[SUPPORT] Inconsistent Checkpoint Size in Flink Applications with MoR
I have an Apache Flink Application that leverages RockDB and incremental checkpoint, but it seems that every time a compaction task occurs, the checkpoint size of the application during that interval increases dramatically. Is this due to when doing compaction, the streaming job has to load the entire table? if thats the case, Is there any way it can only compact and load the current partition?
It is as expected because even if the incremental checkpointing is enabled, Flink triggers a full checkpointing every N delta checkpinting, it is not relevent with compaction actually.
Can you explain more on that process, so based on the interval of my delta commits, Flink will run a full checkpoint?
But also wondering if my application is meant to be stateless, why is checkpoint size increase tenfold? Is that the index size? how can i manage this
That inc/full checkpointing is managed by Flink, in hudi, we do have an option 'index.ttl' to control the liveness of the index items but it is not suggested because that would induce duplicates.
But could you share what is kept in state in a Flink Hudi Application?

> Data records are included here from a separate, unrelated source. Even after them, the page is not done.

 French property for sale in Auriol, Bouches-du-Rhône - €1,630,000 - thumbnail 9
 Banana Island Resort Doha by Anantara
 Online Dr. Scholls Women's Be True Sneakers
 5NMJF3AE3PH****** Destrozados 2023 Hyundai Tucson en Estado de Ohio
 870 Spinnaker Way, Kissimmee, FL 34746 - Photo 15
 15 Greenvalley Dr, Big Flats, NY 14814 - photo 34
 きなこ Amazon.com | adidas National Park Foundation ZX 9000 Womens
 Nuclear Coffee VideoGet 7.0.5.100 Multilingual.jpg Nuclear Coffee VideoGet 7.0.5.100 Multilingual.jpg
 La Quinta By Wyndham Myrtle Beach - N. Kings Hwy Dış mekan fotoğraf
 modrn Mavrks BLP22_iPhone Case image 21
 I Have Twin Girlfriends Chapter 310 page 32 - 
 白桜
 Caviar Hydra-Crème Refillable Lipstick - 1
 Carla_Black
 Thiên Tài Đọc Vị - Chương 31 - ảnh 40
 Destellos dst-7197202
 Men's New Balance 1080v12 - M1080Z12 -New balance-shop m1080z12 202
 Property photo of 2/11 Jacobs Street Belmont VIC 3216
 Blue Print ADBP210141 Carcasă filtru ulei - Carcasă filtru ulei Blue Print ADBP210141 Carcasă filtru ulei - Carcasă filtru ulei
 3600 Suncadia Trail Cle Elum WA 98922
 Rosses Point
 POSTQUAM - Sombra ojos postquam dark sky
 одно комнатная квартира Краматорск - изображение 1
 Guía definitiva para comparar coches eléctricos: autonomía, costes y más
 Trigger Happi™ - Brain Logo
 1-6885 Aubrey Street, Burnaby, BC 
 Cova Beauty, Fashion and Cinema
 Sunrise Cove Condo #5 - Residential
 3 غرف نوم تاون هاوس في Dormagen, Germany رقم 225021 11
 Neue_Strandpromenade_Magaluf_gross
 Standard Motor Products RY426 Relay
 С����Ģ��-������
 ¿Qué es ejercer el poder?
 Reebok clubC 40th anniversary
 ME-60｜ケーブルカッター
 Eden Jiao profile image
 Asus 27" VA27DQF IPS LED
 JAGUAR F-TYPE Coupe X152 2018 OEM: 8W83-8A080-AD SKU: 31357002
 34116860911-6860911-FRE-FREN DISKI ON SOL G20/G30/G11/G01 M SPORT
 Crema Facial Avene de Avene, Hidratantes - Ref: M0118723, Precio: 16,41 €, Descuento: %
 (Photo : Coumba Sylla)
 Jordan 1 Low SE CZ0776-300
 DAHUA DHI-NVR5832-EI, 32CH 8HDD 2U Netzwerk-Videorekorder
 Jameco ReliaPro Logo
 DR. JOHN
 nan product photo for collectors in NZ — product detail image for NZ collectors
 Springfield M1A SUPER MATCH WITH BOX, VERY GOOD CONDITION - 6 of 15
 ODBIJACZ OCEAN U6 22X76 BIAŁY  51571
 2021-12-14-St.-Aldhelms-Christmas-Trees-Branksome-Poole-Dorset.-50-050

I have just a source generator within flink and writing into hudi using MOR and state size is growing consistently
It's the mapping from hoodie record key to location, for a location it is comprised by a partition path and file group id.
Is there any state cleanup that can be done? So it doesnt indefinitely ?
you can choose bucket index, bucket index does not support updates among multiple partitions and the bucket number can not scale well if it not consistent hashing.
Then how would you recommend to work with Hudi Tables that can grow to infinite rows?
Are there any improvement or features coming for bucket index, to allow updating multiple partitions or changing the number of buckets?
We have support for consistent hashing index which can scales the bucket number automically.
Does this allows to be updating multiple partitions or if the partition changes? Is it a global index?
cc @danny0405
How is the bucket number automatically expanded? I saw in the pfr that it is meant to be a subtask in the clustering service, but clustering only works with COW and insert.
Will hudi + flink have any rewrite api in flink to remove /compact small files?